Sugarloaf Prospect >> Farmout

Eureka announced in the 3rd quarter of 2009 that it had been successful in its efforts to farm out its acreage across the Sugarkane Gas and Condensate field to Hilcorp Energy Company (“Hilcorp”), one the largest private E&P companies in the US.

The farmin by an established company such as Hilcorp to the Sugarkane field is a significant endorsement of the multi TCFe potential of this gas and condensate asset and the value of Eureka’s interest in the Sugarloaf land holdings within it.

Eureka will be free carried for the drilling, completion and tie in of up to 3 new horizontal wells and the stimulation of the three existing Sugarloaf horizontal wells; Kennedy #1H, Kowalik #1H and Weston #1H. The Sugarloaf farmin program aims to establish a total of 6 wells on production. Under the terms of our farmout this work program has a series of deadlines over the next 20 months.

The Farminee will earn an interest in Eureka’s acreage incrementally as each farmin activity is completed up to a maximum of 50% of Eureka’s interest in the Sugarloaf Area of Mutual Interest (“AMI”).

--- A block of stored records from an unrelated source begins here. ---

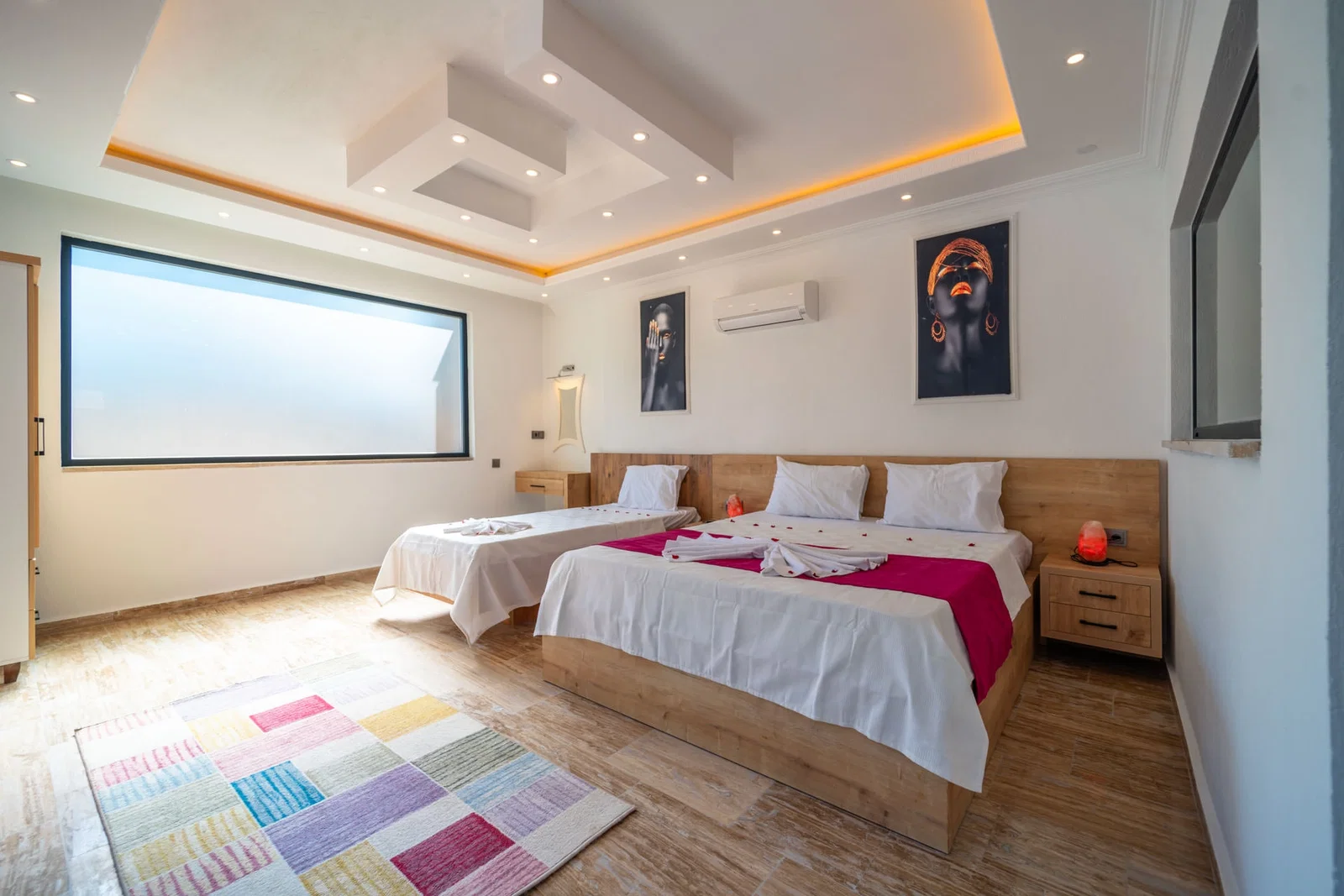 İslamlar’da Korunaklı, Isıtmalı Havuzlu, 2 Yatak Odalı, Kiralık Villa
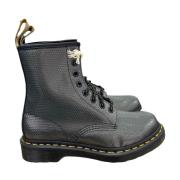 Vegan Alumix Hex Emboss Laarzen Dr. Martens , Black , Dames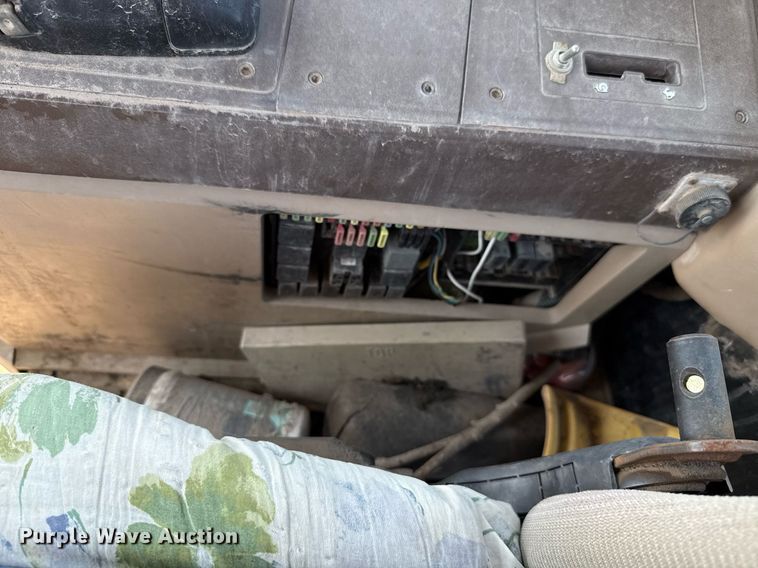 image for item HI9315 2001 John Deere 6405 tractor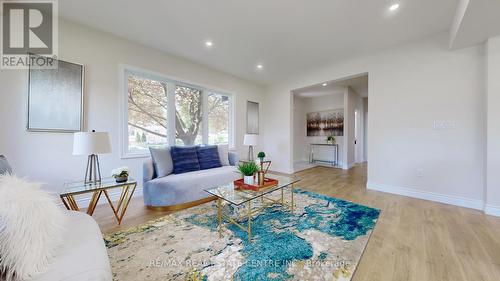 145 Ballantyne Avenue, Cambridge, ON - Indoor Photo Showing Living Room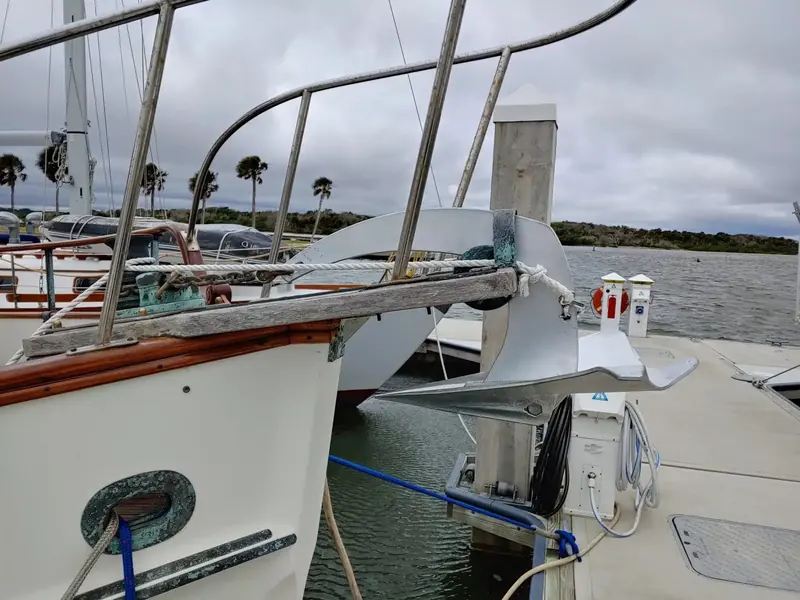The same Mantus M2 anchor seen from the opposite angle at the dock, showing the roll-bar-free profile that lets it sit flush against a bowsprit and pulpit.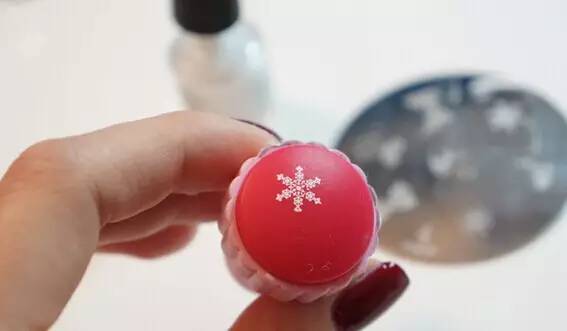 雪花美甲教程图解 最新美甲图片
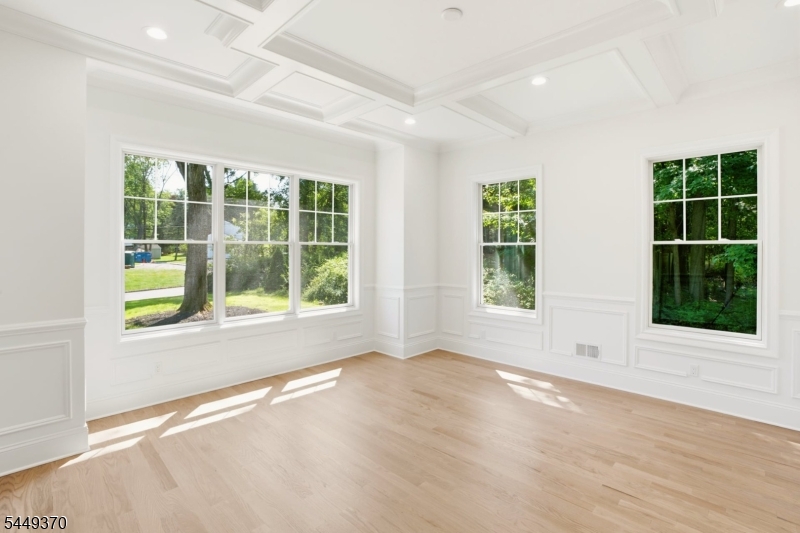 62 Wynnewood Rd Property Photo 6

Eureka believes that this additional activity within the Sugarkane Field, together with the widespread ongoing regional activity occurring within the Eagle Ford Shale play will continue the process of demonstrating and establishing the considerable value of our interest in the Sugarloaf AMI within the Sugarkane Field. In addition, Eureka’s financial commitments through this development phase are minimal.

Hilcorp has committed to a farmin over the Sugarloaf AMI and other land areas either adjacent to or nearby, with corresponding drilling requirements. This will lead to a meaningful drilling and completion program that aims to establish a portfolio of producing wells within the Sugarkane acreage that in turn will assist in demonstrating the multi Tcfe potential of the Sugarloaf AMI.

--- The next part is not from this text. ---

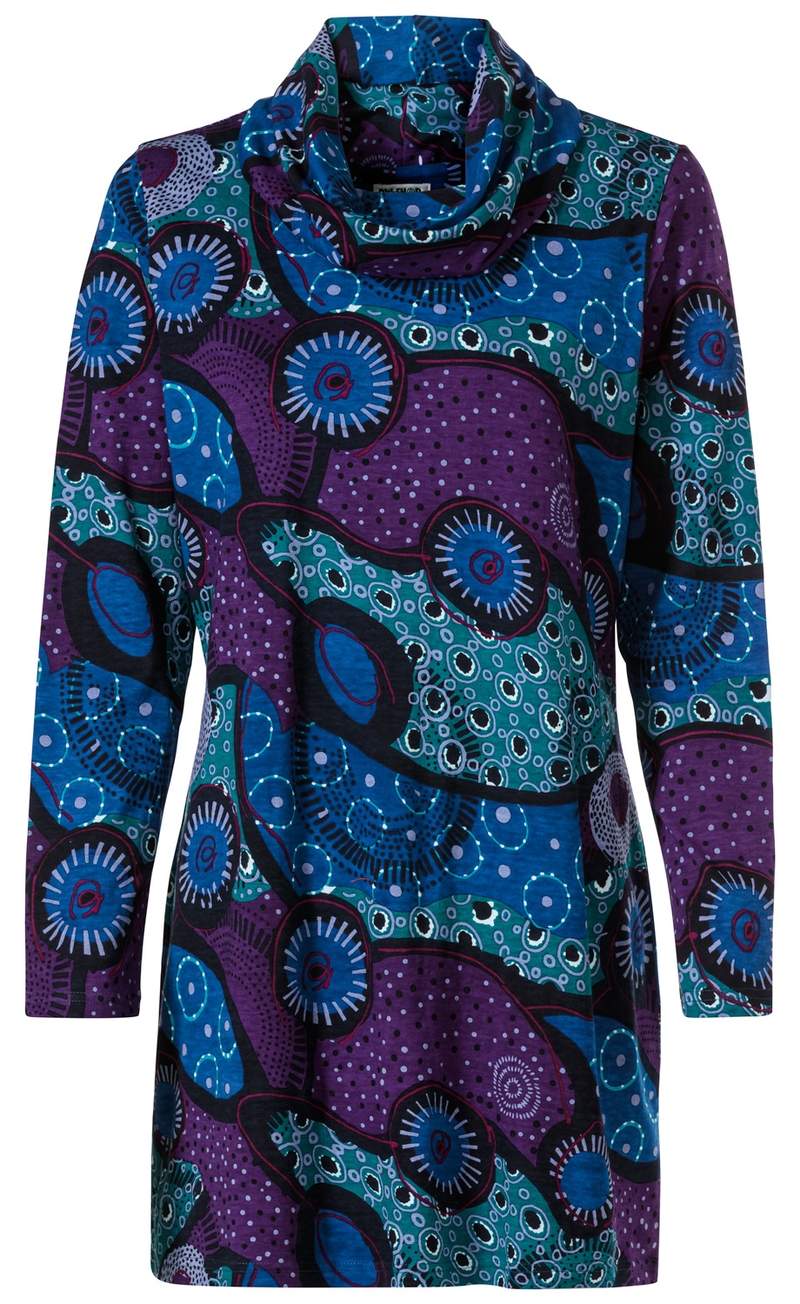 Baumwoll-Mix Shirt mit langem Arm, weitem Rollkragen, in Blau, Violett, Grün mit abstraktem Muster aus Kreisen, Punkten und Linien, gerade geschnitten.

Contingent Resource – Independent Report

On 1 October 2009 Aurora Oil & Gas (“Aurora”), being an ASX listed company with an interest in the Sugarloaf AMI and the larger Sugarkane Field, published some results of an independent review of their acreage and potential recoverable hydrocarbon volumes which was undertaken by Netherland, Sewell & Associates, Inc (“NSAI”). NSAI are a leading independent certification authority, who has acted on behalf of some of the largest shale development companies in the USA including Petrohawk Energy Corporation.

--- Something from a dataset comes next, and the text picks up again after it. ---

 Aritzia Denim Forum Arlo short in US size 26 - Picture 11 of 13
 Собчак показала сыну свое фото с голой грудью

This announcement allocated a 2C contingent resource for Aurora’s working interest across the two horizons (Austin Chalk and Eagle Ford Shale) that constitute the Sugarkane reservoir. Extrapolating from the contingent resource announced on the basis of Eureka’s net acreage position indicates a 2C contingent resource for Eureka’s 12.5% working interest of approximately 58Bcf of gas and 10mmbbls of condensate pre farmout. This equates to approximately 20 mmboe (6 mcf of gas = 1 barrel of oil equivalent “boe”).